Could all of the entries be written out exactly, with any pictures omitted?

Information provided –
****************************************

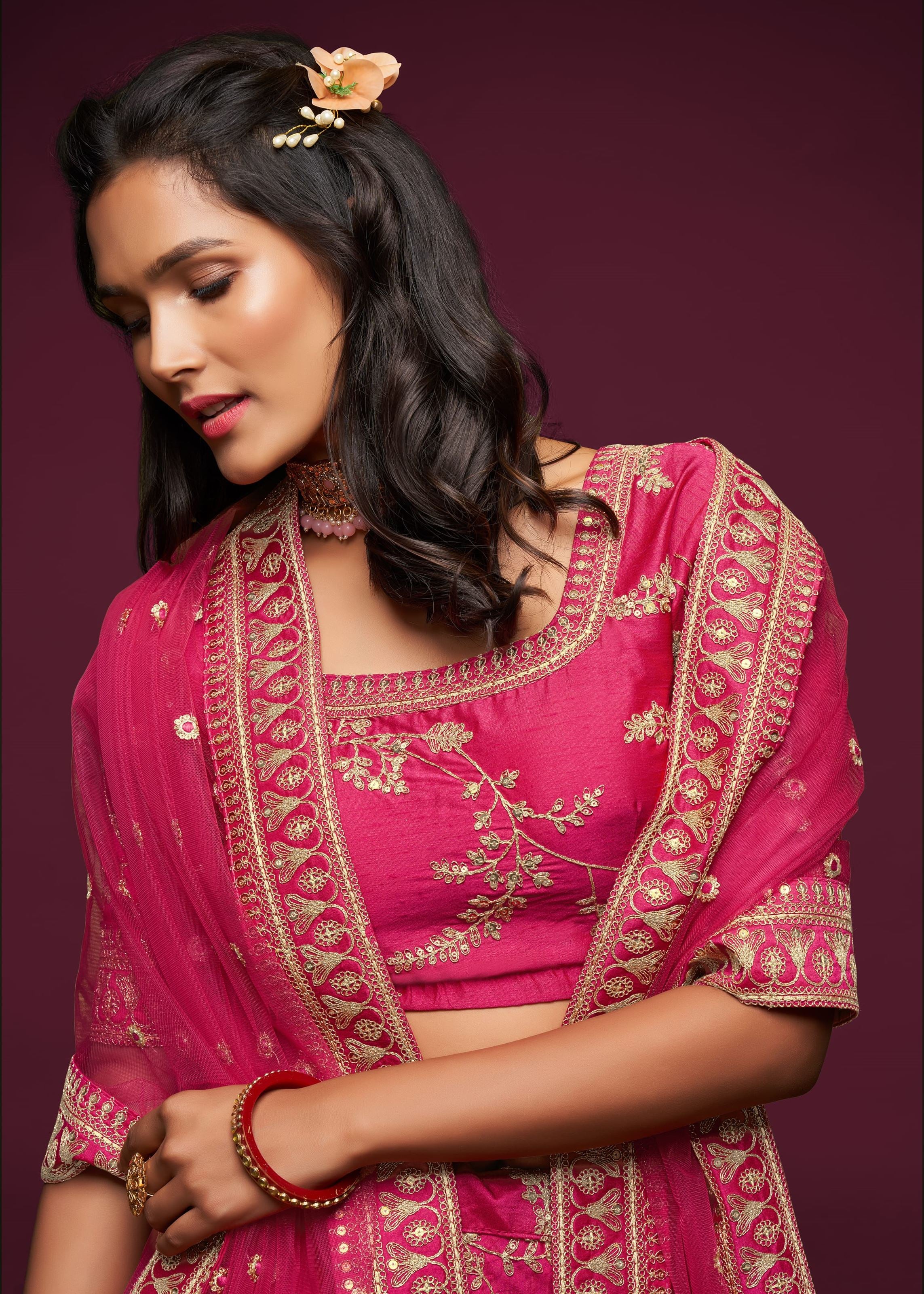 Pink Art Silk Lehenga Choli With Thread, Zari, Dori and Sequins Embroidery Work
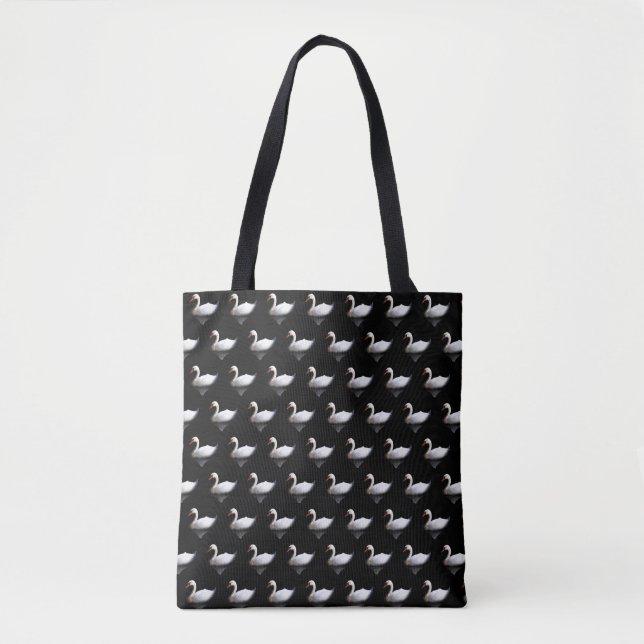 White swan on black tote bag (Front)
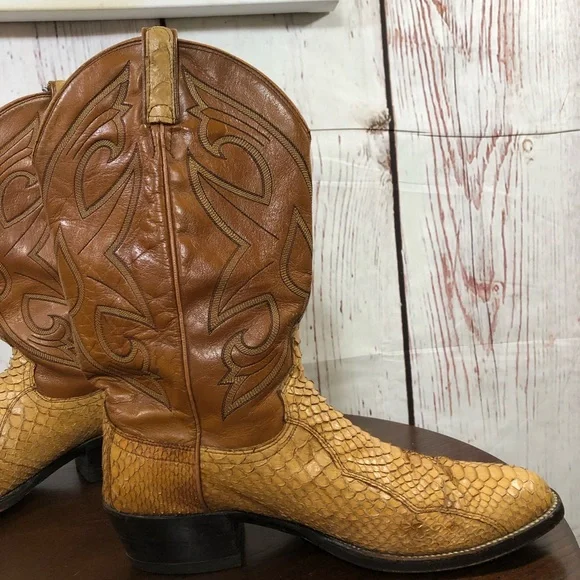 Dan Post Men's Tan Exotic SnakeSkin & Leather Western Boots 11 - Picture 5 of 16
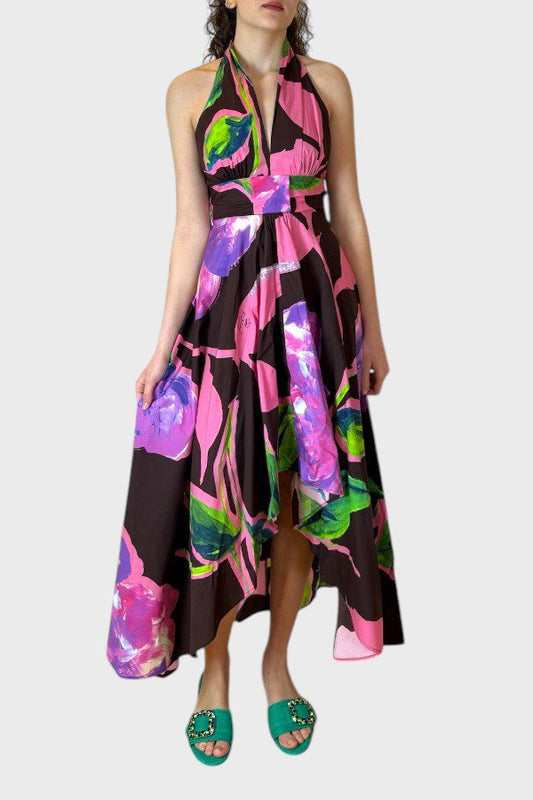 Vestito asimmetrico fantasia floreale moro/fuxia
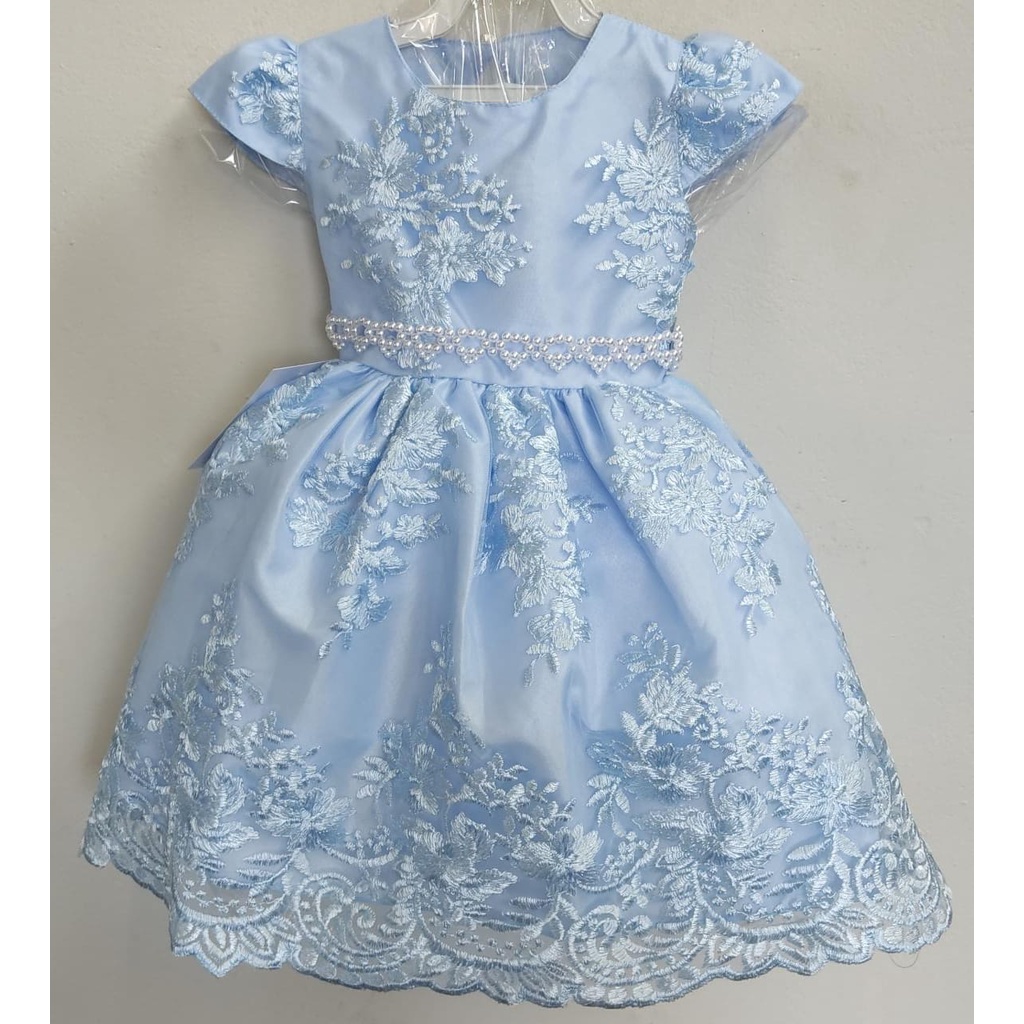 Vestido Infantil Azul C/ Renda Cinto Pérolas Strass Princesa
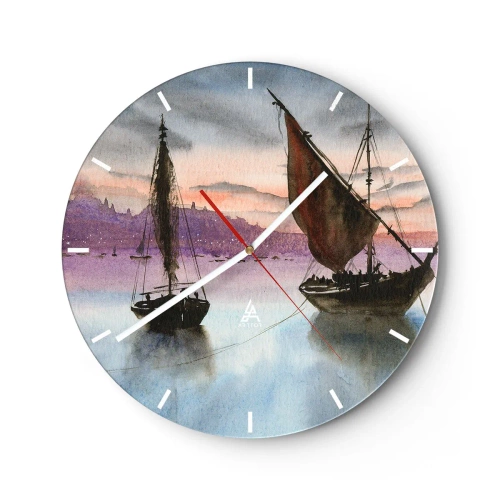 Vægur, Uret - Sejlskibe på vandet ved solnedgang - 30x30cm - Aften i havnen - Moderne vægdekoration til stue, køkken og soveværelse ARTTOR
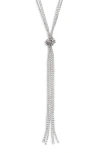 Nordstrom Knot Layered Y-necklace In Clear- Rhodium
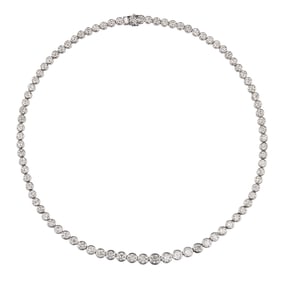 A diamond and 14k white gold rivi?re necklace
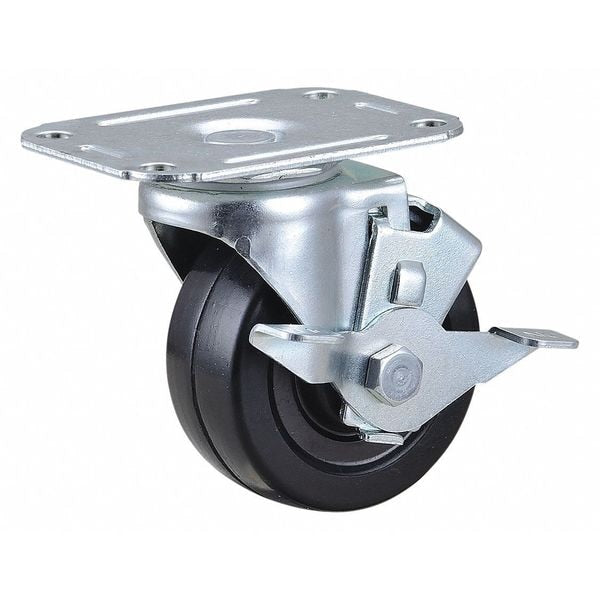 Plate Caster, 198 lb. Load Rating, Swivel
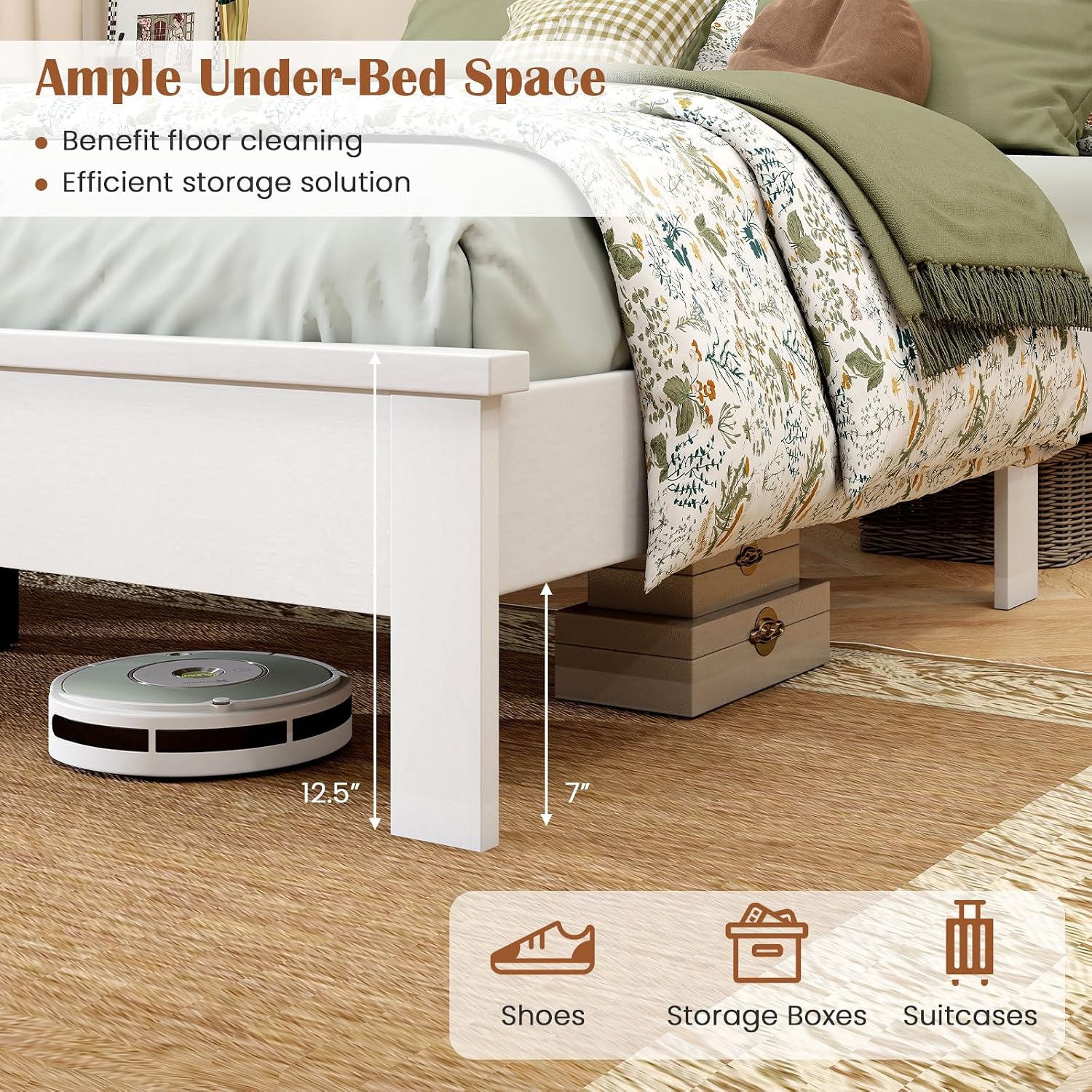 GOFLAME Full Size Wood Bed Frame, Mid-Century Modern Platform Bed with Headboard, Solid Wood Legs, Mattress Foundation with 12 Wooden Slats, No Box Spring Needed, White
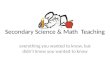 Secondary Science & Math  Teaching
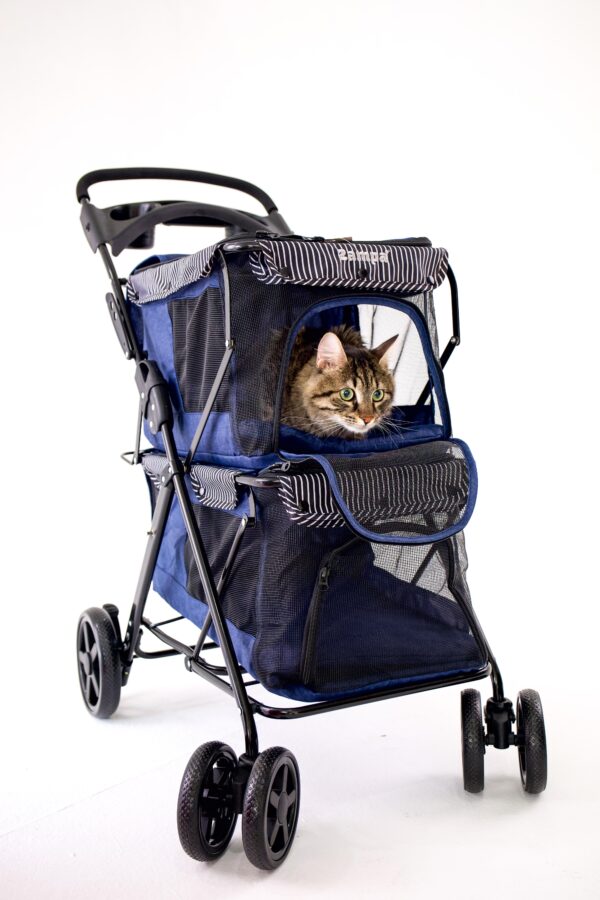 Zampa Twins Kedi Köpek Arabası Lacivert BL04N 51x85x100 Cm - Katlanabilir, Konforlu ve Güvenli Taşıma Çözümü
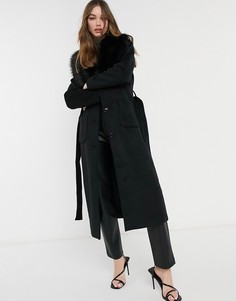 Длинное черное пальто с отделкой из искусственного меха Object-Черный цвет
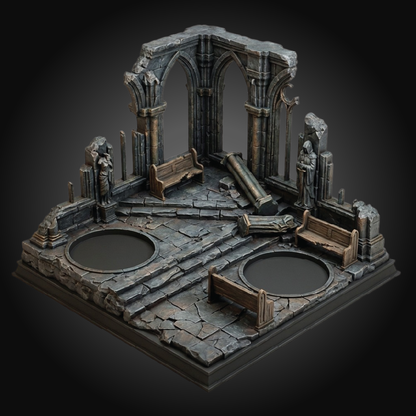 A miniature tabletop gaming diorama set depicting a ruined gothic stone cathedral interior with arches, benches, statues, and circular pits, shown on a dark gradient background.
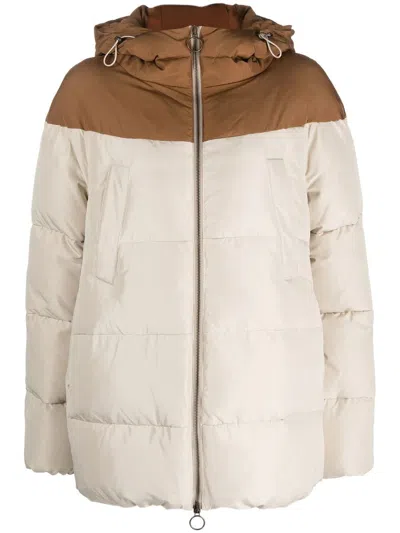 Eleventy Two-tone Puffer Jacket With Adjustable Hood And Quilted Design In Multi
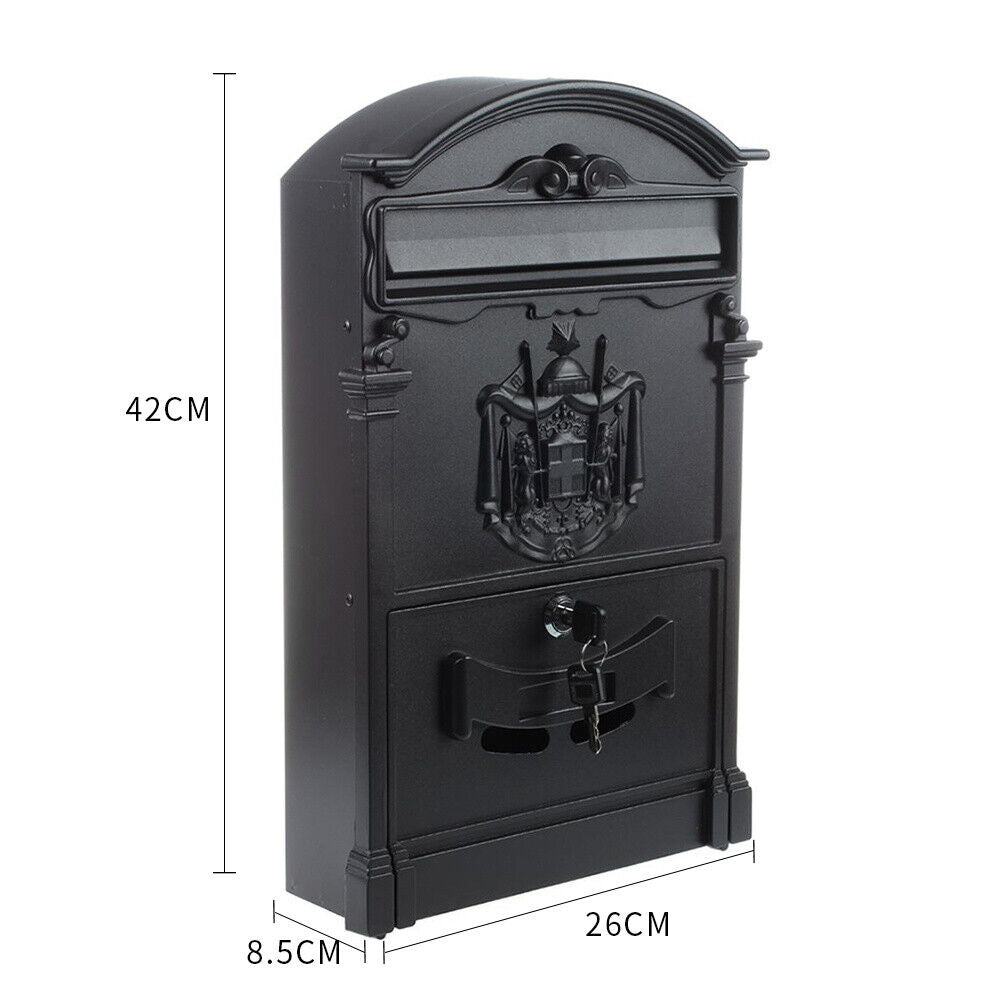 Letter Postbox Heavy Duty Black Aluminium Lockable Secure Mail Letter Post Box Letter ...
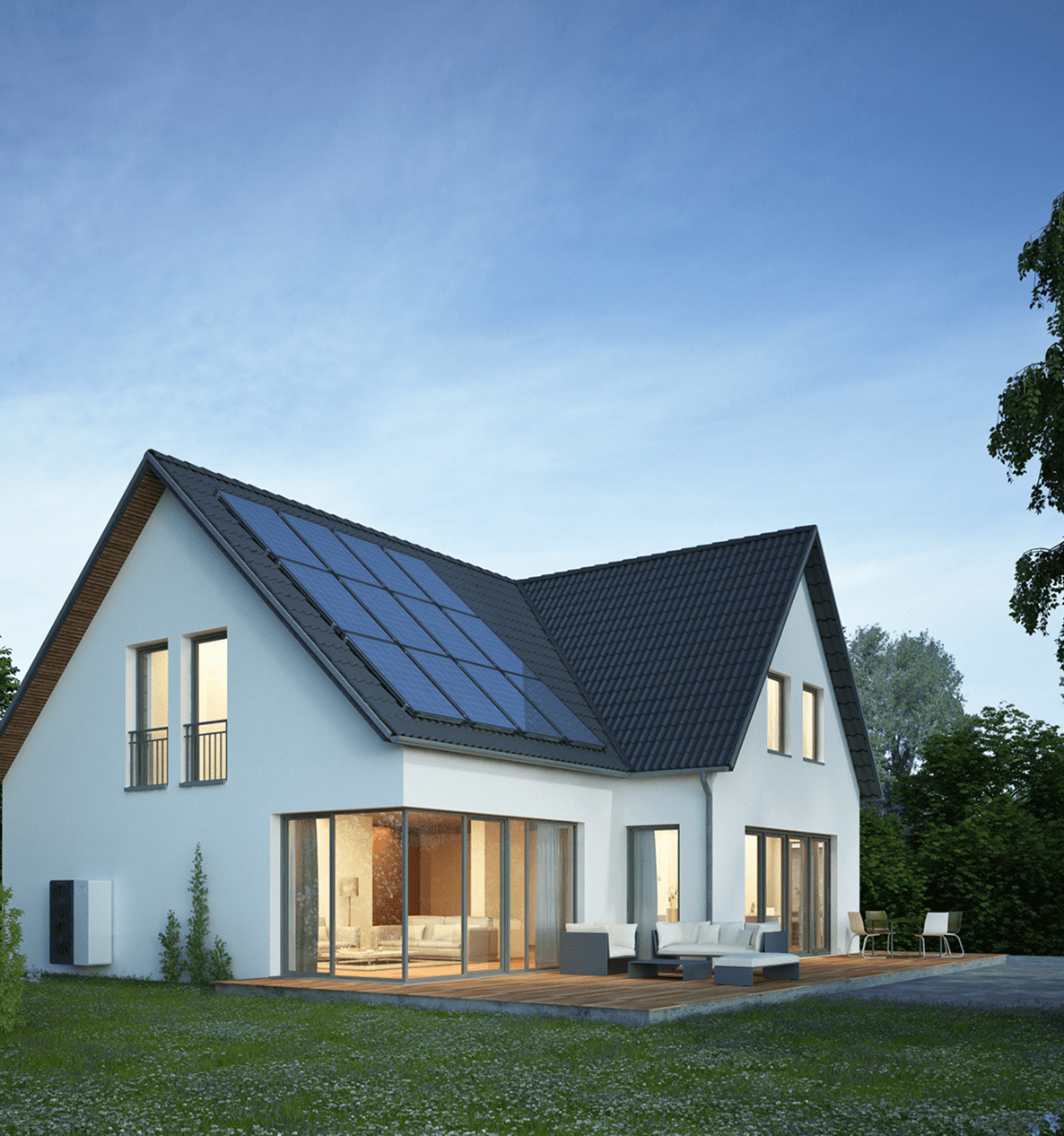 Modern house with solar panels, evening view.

****************************************

Exercise result –
 Pink Art Silk Lehenga Choli With Thread, Zari, Dori and Sequins Embroidery Work
 White swan on black tote bag (Front)
 Dan Post Men's Tan Exotic SnakeSkin & Leather Western Boots 11 - Picture 5 of 16
 Vestito asimmetrico fantasia floreale moro/fuxia
 Vestido Infantil Azul C/ Renda Cinto Pérolas Strass Princesa
 Vægur, Uret - Sejlskibe på vandet ved solnedgang - 30x30cm - Aften i havnen - Moderne vægdekoration til stue, køkken og soveværelse ARTTOR
 Nordstrom Knot Layered Y-necklace In Clear- Rhodium
 A diamond and 14k white gold rivi?re necklace
 Plate Caster, 198 lb. Load Rating, Swivel
 GOFLAME Full Size Wood Bed Frame, Mid-Century Modern Platform Bed with Headboard, Solid Wood Legs, Mattress Foundation with 12 Wooden Slats, No Box Spring Needed, White
 Secondary Science & Math  Teaching
 Zampa Twins Kedi Köpek Arabası Lacivert BL04N 51x85x100 Cm - Katlanabilir, Konforlu ve Güvenli Taşıma Çözümü
 Длинное черное пальто с отделкой из искусственного меха Object-Черный цвет
 A miniature tabletop gaming diorama set depicting a ruined gothic stone cathedral interior with arches, benches, statues, and circular pits, shown on a dark gradient background.
 Eleventy Two-tone Puffer Jacket With Adjustable Hood And Quilted Design In Multi
 Letter Postbox Heavy Duty Black Aluminium Lockable Secure Mail Letter Post Box Letter ...
 Modern house with solar panels, evening view.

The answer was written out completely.